Los seguidores de Pastor es probable que no echaran en falta la imparcialidad en una profesional que ya ha demostrado no distinguir entre colores políticos a la hora de repartir leña. Sus detractores, en cambio, siempre dudarán de sus verdaderas intenciones, sobre todo ahora que está ubicada en una cadena abiertamente de izquierdas. Así que, de entrada, el ejercicio de buscar esa quimera de la objetividad, prácticamente inalcanzable en el ámbito periodístico, parece un abordaje innecesario y erróneo. De Ana Pastor esperábamos algo más que un retorno a la quintaesencia del periodismo, una neutralidad que debería ser material de trabajo en los informativos, no en un programa de autor.
Porque de un espacio que lleva la firma de la propia presentadora ansiábamos algo más que una brillante conducción y el manejo futurista de un ipad gigante al más puro estilo ‘Minority report’. Sentada al borde de la silla, deseábamos reencontrarnos con el periodismo ágil y mordiente de Ana Pastor, ese que sabía imprimir a todas sus entrevistas políticas y que en ‘El objetivo’ ha quedado deslucido, reducido a una mera retahíla de cuestiones a resolver por un plantel de expertos.
Se agradece la voluntad de introducir en nuestro país el periodismo de datos, género hasta ahora desconocido y que en canales de prestigio como la CNN llevan tiempo desarrollando. Pero quizá Pastor no ha tenido en cuenta que el público de ‘prime time’ de una cadena generalista, aunque sea el de La Sexta, y concretamente el de Jordi Évole, no es igual que el consumidor de un canal de noticias, más acostumbrado al ritmo ágil de los titulares.
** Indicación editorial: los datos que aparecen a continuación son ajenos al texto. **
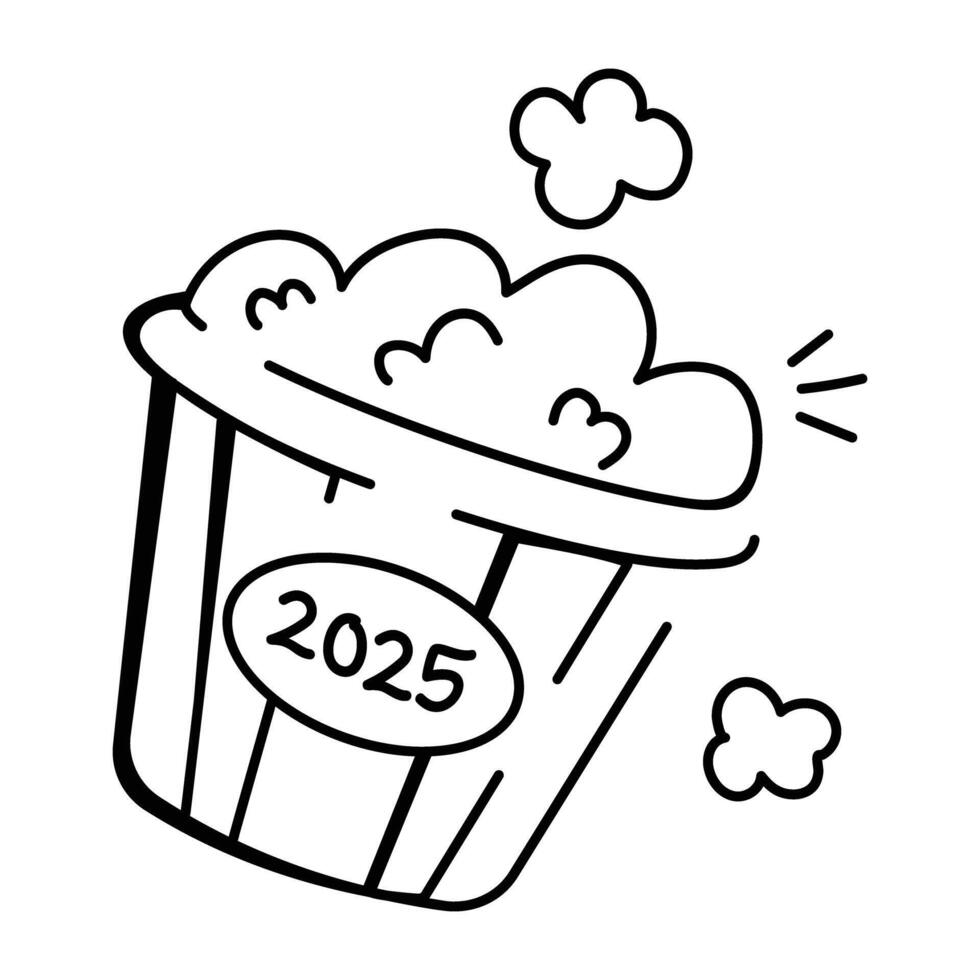 A hand drawn icon of melting marshmallows vector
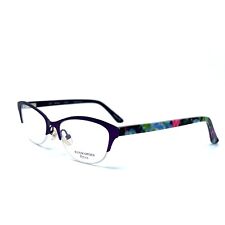 Bloom Optics ROSA PUR Eyeglasses Purple Half Rim Frames 48-16 140 mm for sale  Shipping to South Africa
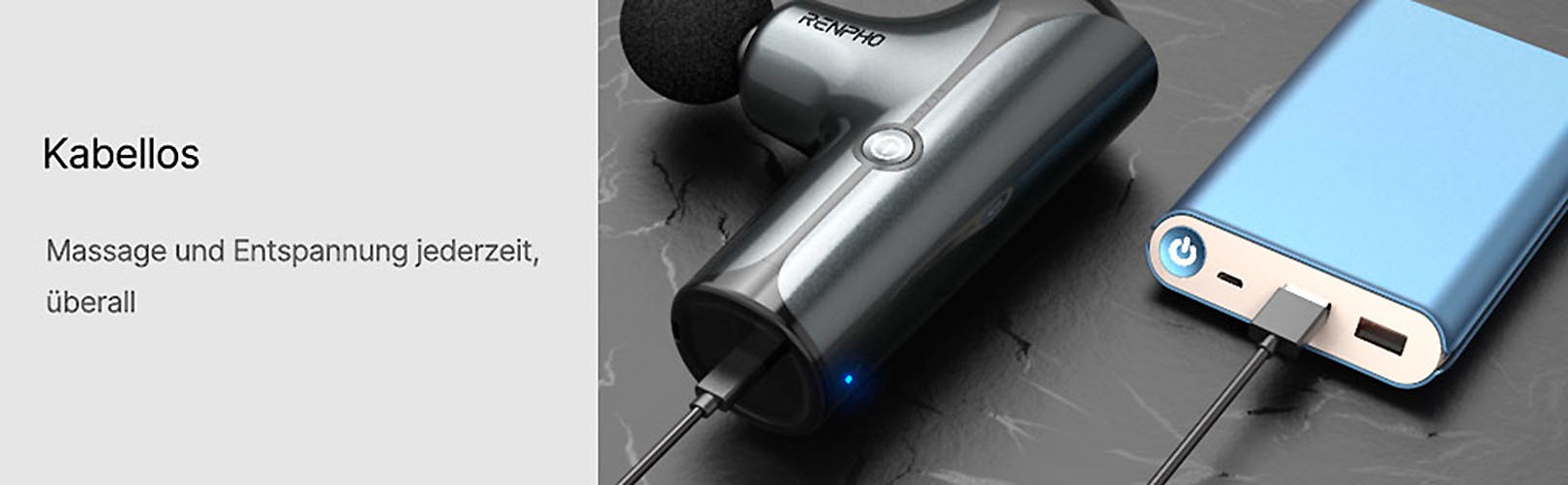 Renpho Massagepistole »Renpho Mini Massage Gun GM173«, Ideal für Menschen, die viel unterwegs sind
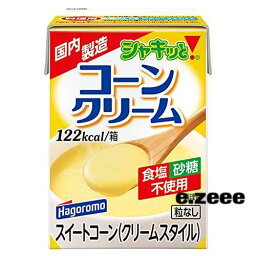 はごろも シャキッと! コーンクリーム (紙パック) 190g (2569) *6個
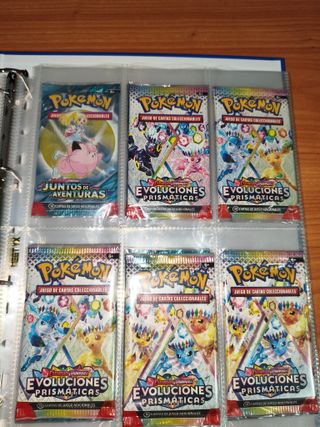 Colección sobres Pokémon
Agilidad, desde luego, no le faltó a ‘El objetivo’, que deambuló con velocidad de vértigo de un tema a otro, de las leyes de transparencia internacionales a los ERE en Andalucía, pasando por las recetas de bonanza económica de los mandatos de Aznar. Con todas estas cuestiones, planteadas de forma dispersa y sin más nexo en común que una actualidad sacada de contexto, fueron jugando Pastor y sus expertos al juego de verdad o mentira. De la gran cantidad de datos vertidos, sin prácticamente tiempo para procesarlos, quizá lo único que anoche sacamos en claro es que los políticos mienten más que hablan. Algo que ya sabíamos.
Las intenciones de regresar a la esencia del periodismo son muy loables pero quizá no lo sea tanto ubicar un formato de estas características en la misma franja de ‘Salvados’. El programa de Évole no sólo cumple con los criterios mínimos de objetividad (contrasta diversas fuentes) sino que logra que un mensaje, uno, claro y simple, llegue al espectador con un tratamiento en profundidad y un envoltorio atrayente. Claro que el Salvados de ahora poco tiene que ver con el del principio. Esperemos que a El objetivo le ocurra lo mismo. La semana que viene Ana Pastor ya tendrá ocasión de demostrarlo con la entrevista al ministro de Guindos. Aguardamos ansiosos a El subjetivo de Ana Pastor.